Namun, keberhasilan militer dalam mengalahkan berbagai pemberontakan, termasuk PRRI dan gerakan Darul Islam di Jawa barat berarti bahwa Nasution masih memiliki inisiatif. Oleh karena itu, pada bulan Desember 1960, Soekarno mendirikan Komando Operasi Tertinggi (KOTI), untuk memastikan bahwa kampanye untuk merebut Irian Barat dari Belanda tidak akan dikontrol oleh militer. Operasi tempur yang sebenarnya itu harus diarahkan oleh perintah Mandala, dipimpin oleh (presiden masa depan) Mayor Jenderal Soeharto. PKI, ingin memanfaatkan isu nasionalisme untuk semen itu aliansi dengan Soekarno, sepenuh hati mendukung upaya ini. Pada bulan Juni tahun 1962, Soekarno berhasil menggagalkan upaya Nasution yang akan ditunjuk sebagai komandan angkatan bersenjata, menjadi kepala staf yang tidak langsung militer memerintah peran, meskipun ia terus posisinya sebagai menteri pertahanan dan keamanan.
Pada tahun 1962, PKI telah lebih dari dua juta anggota, dan pada bulan Maret, Soekarno membuat dua tokoh utamanya, Aidit dan Njoto, menteri tanpa portofolio. Pada tahun yang sama, Irian Jaya (sebagai barat Irian sekarang disebut) masalah itu diselesaikan dengan Belanda menyetujui transfer ke administrasi PBB. Ia kemudian dipindahkan ke Indonesia setelah kontroversial 'Act of Free Choice' pada tahun 1969.
Ketika, pada tahun 1963, pembentukan negara Malaysia, menggabungkan mantan jajahan Inggris di Borneo Utara, diumumkan, PKI sekali lagi berusaha untuk mengeksploitasi masalah dan mengorganisir demonstrasi di Jakarta, di mana Kedutaan Besar Inggris dibakar ke tanah. Pada tanggal 17 September, Indonesia memutuskan hubungan diplomatik dengan Malaysia, dan tak lama setelah itu, konflik tingkat rendah yang dikenal sebagai konfrontasi (konfrontasi) diumumkan (lihat Konfrontasi). Belakangan tahun itu, PKI mulai "tindakan sepihak" (Indonesia: sepihak aksi) kampanye untuk melaksanakan undang-undang land reform 1959-1960, yang menyebabkan konflik kekerasan dengan pendukung NU.

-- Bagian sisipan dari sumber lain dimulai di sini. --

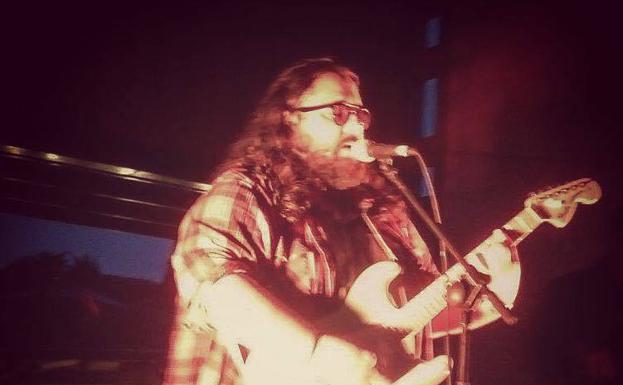 El Oso, Stratocaster, voz y barbas.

Sementara itu, tentara menjadi semakin khawatir dengan situasi domestik dan mulai kontak rahasia dengan Malaysia, sementara menghalangi konfrontasi. Pada saat yang sama, baik Uni Soviet dan Amerika Serikat mulai pacaran tentara Indonesia. Uni Soviet sangat ingin mengurangi pengaruh PKI China-oriented, sedangkan AS khawatir tentang komunisme per se, dan sejumlah besar petugas Indonesia melakukan perjalanan ke Amerika Serikat untuk pelatihan militer. Namun, PKI juga menargetkan tentara, dan berusaha untuk menyusup itu.
Pada awal 1965, Aidit mengusulkan untuk Sukarno penciptaan "Cabang Kelima" (yaitu di samping tentara, angkatan laut, angkatan udara dan polisi), terdiri dari pekerja bersenjata dan petani dan penunjukan penasihat Nasakom untuk masing-masing angkatan bersenjata. Ini adalah ancaman langsung terhadap tentara. Pada tahun 1965, Sukarno mengumumkan penemuan sebuah dokumen yang diduga ditulis oleh Duta Besar Inggris, yang disebut Dokumen Gilchrist, yang disebut-sebut sebagai bukti plot militer terhadap pemerintah.